Disturbingly beautiful and melancholic Zoë (Barbara Mori) lives with her image-obsessed husband, Ignacio (Christian Meier), in an ultra-modern house — half display case, half hothouse — on the outskirts of the city. Ignacio is wealthy and doting but distant, and their marriage is affectionate but passionless. Ignacio's sterility and Zoë's refusal to consider adoption compound the feeling that the marriage has cruised into a cul-de-sac.

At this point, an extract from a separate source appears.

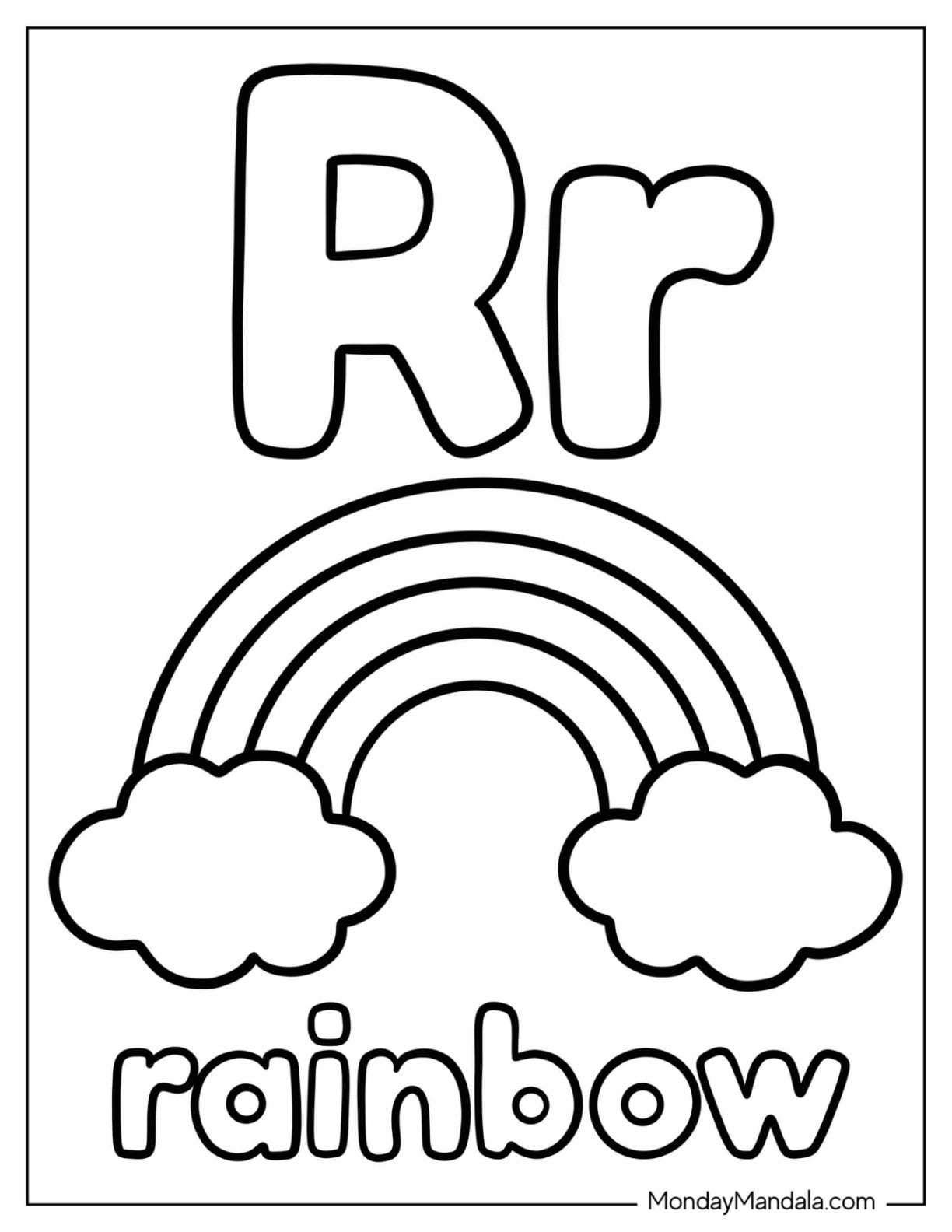 Cute Letter R Coloring Page is for Rainbow for Kids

Zoë's complaints, which she shares with her gay friend Boris (Bruno Bichir), are legitimate, but it's Ignacio who elicits sympathy at first. Genuinely afraid of losing Zoë, he exudes a tightly wound, reined-in helplessness that's painful to watch. The feeling is cemented when Zoë starts hanging around with Ignacio's estranged younger brother, Gonzalo (Manolo Cardona), a painter who bad-mouths Ignacio at every opportunity but gladly takes his money each month. When Zoë drops by his gallery unexpectedly, Gonzalo sells her a painting from his show. The selling, rather than giving, becomes another point of contention between Gonzalo and Ignacio, but for Zoë it's a chance to get back at her husband.

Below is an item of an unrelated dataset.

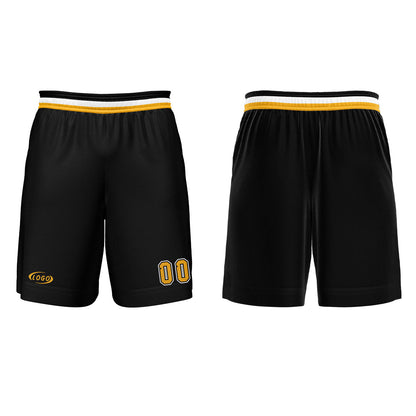 Benutzerdefinierter Schwarz Gelb Weiß Basketball Jersey Uniform Anzug gedruckt Ihr Logo Name Nummer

The principal pleasures of the film lie in the subtle shifts in character that prompt shifts in allegiance, so I won't spoil them. The main thing is that "La Mujer de Mi Hermano" lets its characters' behaviors speak for themselves, which naturally lead the audience into snap judgments that evolve into something more fluid and forgiving.

Tall and broad, Meier has a rigid, hulking quality that serves him well as the high-strung businessman scared stiff of losing his wife. For a guy built like a pylon, he has a remarkable way of making himself small by tucking himself into a neat package.

Mori, a memorable presence, plays an instantly recognizable type nonetheless rarely seen on screen. Zoë's uncommon beauty masks her neediness, insecurity and loneliness. Mexican star Angélica Aragón plays Cristina, the mother of Ignacio and Gonzalo, a woman who sees strictly what she wants to see and nothing more.

A final twist — a bit of a corker — threatens to push what has otherwise been a cool-headed emotional experience into the realm of melodrama. Despite this false note, "La Mujer de Mi Hermano" keeps a cool eye trained on its characters as they struggle to make their lives conform to some strict phantom ideal.

For a movie about an inter-family dalliance, it's far more pragmatic than you might expect, and far more humane. Ultimately, "La Mujer de Mi Hermano" offers the uncommon (in movieland) perspective that it may be the ideal that oppresses life, not the other way around.